As I often tell my ENG 101 students, crying is a big part of my research process now when I sit down to start the writing, mainly because my work at this point in my writing abilities has to be so well-developed and aware of what’s out there. I will often get overwhelmed at the beginning, worry about how on earth I can accomplish this project, fear that I will not have anything interesting or useful or intelligent to say, and then the tears. This is after hundreds and hundreds of pages of formal writing experience. This is after even reminding myself I’ve done it before and can do it again.
But as I also tell my students, once the crying ended, I had so many notes from my reading and watching that I didn’t have to stare at a blank page—I had already been writing for months! All I had to do was pick a note I had written and use that to answer the question “what does this have to do with anything?” In writing through that, to explain it to myself, it helped me start to see the shape of my idea form. If that note didn’t go anywhere, then I would pick another one and do it again, until I could focus on a thesis—my main point. Then, the shape would become more clear and the work a little more narrow.

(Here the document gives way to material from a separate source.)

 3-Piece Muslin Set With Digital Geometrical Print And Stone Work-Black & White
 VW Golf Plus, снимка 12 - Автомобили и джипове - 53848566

Writing should always be a little hard for people because it means that they are challenging themselves with what they are saying. Just because I freak out, in the beginning, doesn’t mean I won’t finish it. I have accepted it will happen and that, when I’m ready, I will move on and be fine. Every new chapter, the process would start again, but I didn’t and I don’t fear the fear anymore, so to speak. It means I am going to do more and better because I care about succeeding.
So I now embrace the fear and also failure—my book is something like 350 pages, but I also have about as many pages of notes that I didn’t use, thoughts that I didn’t pursue, and I even at one point had half of a chapter written before I realized that it wasn’t where I wanted to go, so I stopped that train. But I kept it all in files with my drafts because one never knows where the next project will lead.
At one point, in my deepest research phase, I would read some books and articles for a few hours and then watch 6-8 hours of TV and films a day. I was the master binger. It might sound easy, but it was not. Trying to maintain close attention to anything that long is difficult, much less to be analyzing it at the same time. My process was similar to a process I show my ENG 102 students when we practice visual analysis using a Key and Peele sketch, “Substitute Teacher”—with lots of pauses and time for gathering ideas about moments, scenes, dialogue, settings, sounds, etc. So, in my research, I would watch a bit, pause, take notes, rewind, catch quotes, pause, rewind again. I had to be very careful because I can reread passages and a whole book more easily and quickly than I can watch 5 seasons of a broadcast show with 23 episodes. There was no time to watch them all again, so I had to get it right the first time and then go back for selective episodes or moments. (My spouse stopped watching the shows with me very early on because it was so annoying for him to have the story interrupted all the time.) I needed to make sure I had heard correctly and quoted correctly, again, so my work would be credible for the kind of skeptical audiences who read scholarship. It was mentally exhausting and also very sedentary, so I had to make sure to get off my butt every day for at least a walk to stay sane.